Ten Air Force and Army air traffic controllers advising their Iraqi counterparts at major installations around Iraq convened here April 28 to discuss airfield plans for the final months before U.S. troops leave Iraq under a Dec. 31, 2011, mandate.
“(The meeting) was an excellent opportunity to see firsthand the results of our advisers’ hard work partnering with the Iraqi air force,” said Lt. Col. Daniel Kaltenbaugh, the Iraq Training and Advisory Mission – Air operations division chief. “They are to be commended on formulating a solid plan for success that we will follow through to the end of this historic chapter in Iraqi air traffic control.”

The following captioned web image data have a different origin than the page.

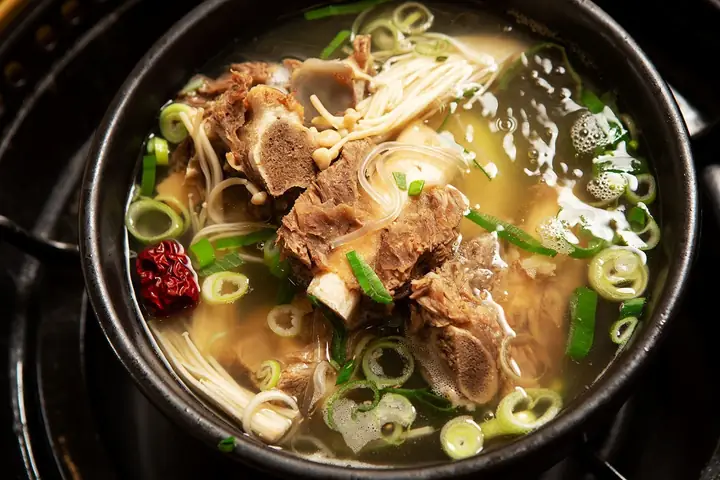 Tổng Hợp Các Quán Canh Sườn Bò Hàn Quốc Quận 7 Được Thực Khách Hàn Quốc Yêu Thích
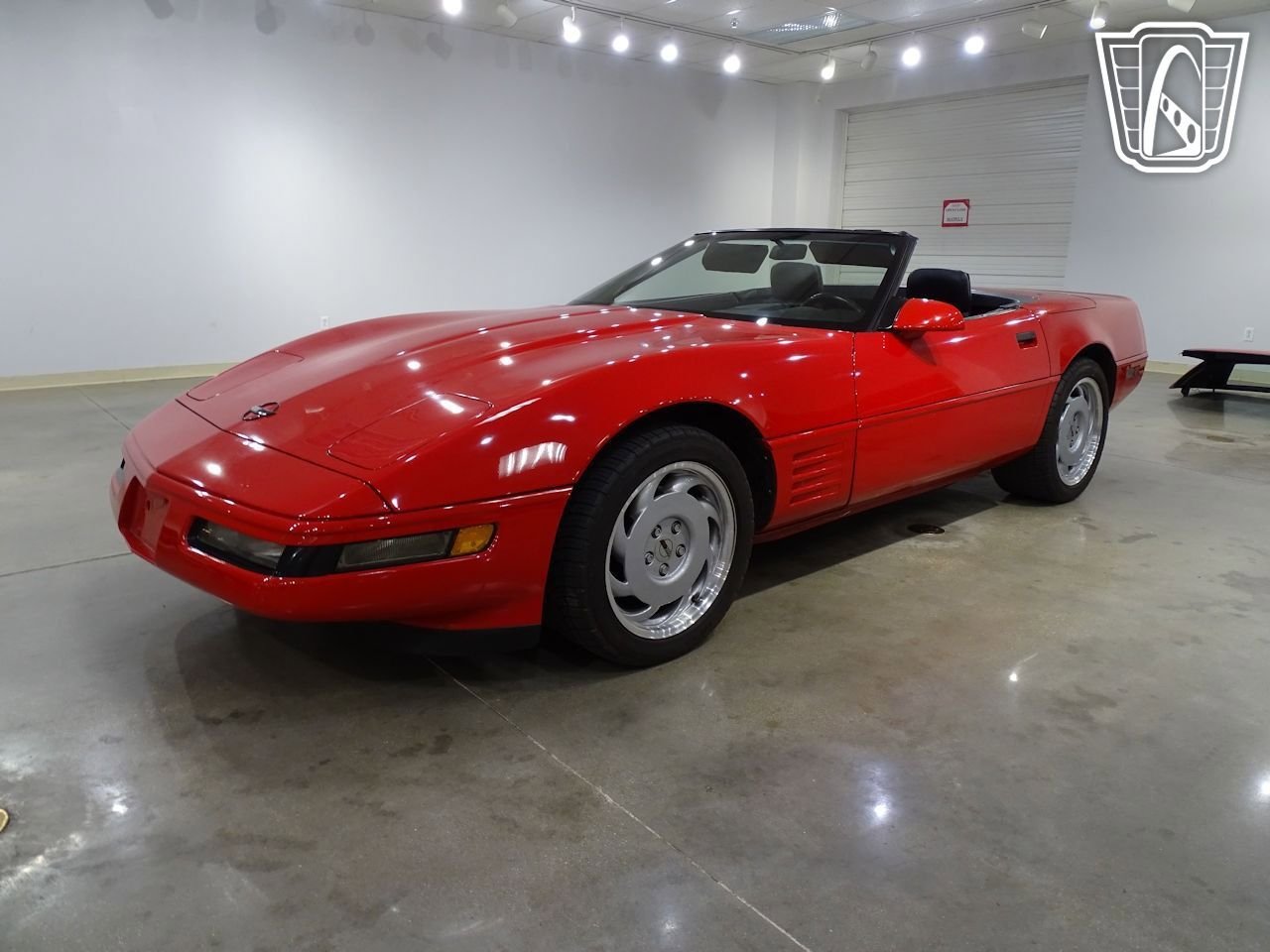 Used 1992 Chevrolet Corvette Convertible RWD image 2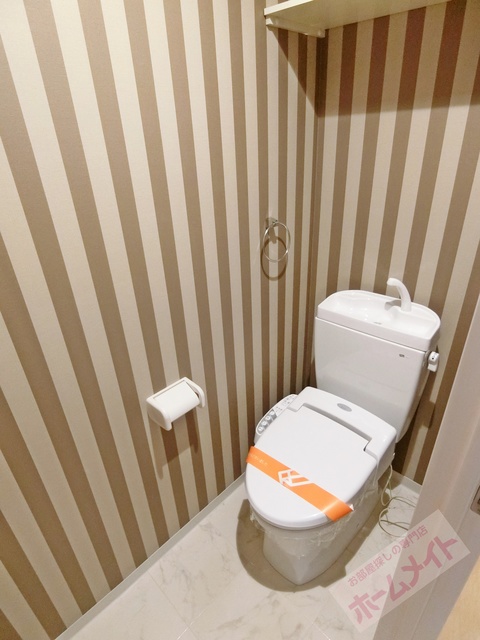 トイレ　温水洗浄便座付き♪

The air traffic controllers and advisers from here, Taji and Baghdad discussed the Taji airfield transition plan as U.S. forces prepare to turn over control to the Iraqi Army Air Corps controllers in the upcoming months, he said. The team also addressed the impact and specific operational requirements for U.S. air traffic controllers as their work locations shrink throughout the transition.
“The planning for the (air traffic control) program until end of mission was expertly done, and at this point, we are mostly adjusting to situations that arise in execution mode,” said Capt. Robert Hughes, the senior ITAM-Air air traffic control adviser. “The details of the end of mission are still fluctuating, but I’m looking forward to taking the framework … and adjusting it to fit whatever the final roll-out turns out being.”
Captain Hughes said the group of controllers talked about the equipment, personnel and capabilities their Iraqi partners could provide at the end of mission.
Last month, air traffic control advisers certified three Iraqi air traffic controllers from Taji and Ali airfields, bringing the total number of certified Iraqi air force controllers to 18, he said. In the past year, the Iraqi Civil Aviation Authority has also licensed six Iraqi air force controllers — a first in Iraq air force history.
“I am proud of the accomplishments the entire (air traffic control) training team has made over the past year,” said Capt. Maureen Trujillo, the former senior ITAM-Air air traffic control adviser. “Last May, we had no certified controllers, and today, we have 18. We are well on the way to providing the Iraqi air force and Iraqi Army Aviation Command the foundational air traffic control capabilities they will need in the near future.”
The next milestone on the horizon for Taji air traffic controllers is the grand opening of a new $11 million air traffic control tower.
“During the meeting, we discussed contingencies for moving into the new ATC tower here,” Captain Hughes said. “We hope it will be open before our air traffic controllers leave so we can help our Iraqi partners troubleshoot and get them acclimated to their new workspace.”